If your goal is to hire the right person, consider forming a personal committee to start the process.  This doesn’t mean that all hiring decisions need to be made collectively, but it does mean that you can rely on other team members whom you trust to share valuable insights throughout the process.  By forming a personal committee, you can begin conversations about what you need to do if there was turnover with an Executive Committee or Board.  Even if your current executive director is not leaving, by having a committee in place enables your team members to have information available to them but also allows them to be on the lookout for potential successors.

One objective might be to determine if the organization should hire an executive search firm. Before outsourcing that search, look in your community and have conversations with other nonprofit boards throughout your state. The best person for the job may be a current board member, employee, or volunteer.
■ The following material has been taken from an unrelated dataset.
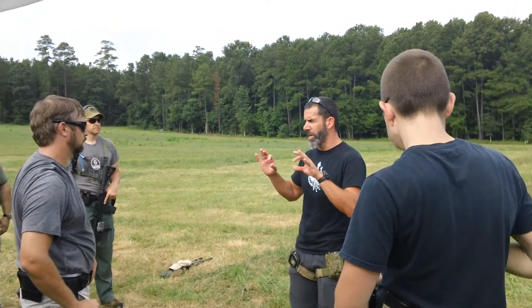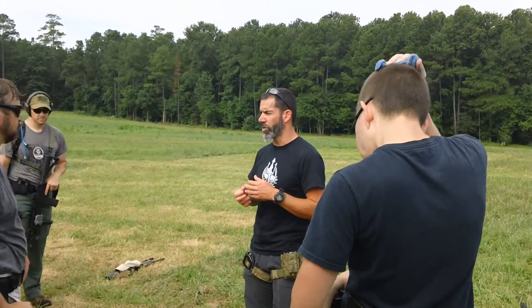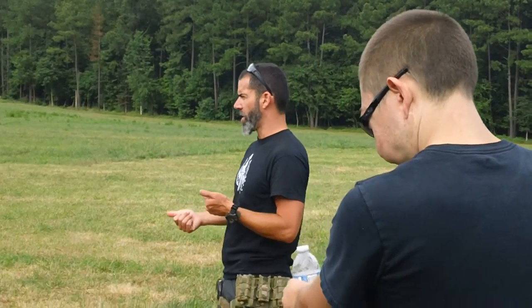I'm going to say it like that because it's not a guarantee. It's close to a 200-yard zero. So I'm point of aim, point of impact at 50; point of aim, point of impact at 200.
What’s Important in this Process?

To ensure your team will be ready to act when necessary, keep comprehensive, up-to-date job descriptions for key executive positions. They should detail required knowledge, skills, and abilities.  But don’t forget attitude!  Attitude is equally as important as qualifications.  Your organization’s strategic goals should also be integrated into the job descriptions. As part of ongoing succession planning efforts, your search team needs to periodically re-evaluate these descriptions. If, for example, your nonprofit is moving in a new direction, your next leader might need a different set of skills and experiences.

Also, begin thinking about how your team will conduct the executive director interview process. Who will be involved? What format will you use?  Will you use a one-on-one type of interview or group interview process? Perhaps most important, begin preparing questions that reflect your organization’s needs and culture.

Why is Compensation Such an Important Topic?

Although you may not be ready to discuss a specific salary, your nonprofit’s board and the search team should have a common philosophy about compensation. Factors that influence compensation decisions can include:

  • Your nonprofit’s size and complexity,
  • Its geographic location, service category and financial stability,
  • Desired qualifications, and
  • Competitiveness of the total package relative to comparable organizations.

One thing to consider is whether your salary range is in line with similar regional or national organizations, or with similar positions in the nonprofit sector. Also, determine whether compensation will be fixed or if the individual may receive a bonus or incentive pay.

Make it Effective!

Hiring the right executive director is too important to leave it alone until the last minute. With a written plan in place, your organization will be ready to conduct an effective search whenever it becomes necessary. In conclusion, cultivating, identifying, asking, and nurturing a strong nonprofit board now for a future executive hire will make the hiring process easier, less stressful and will help shape the organization for future growth and hiring opportunities!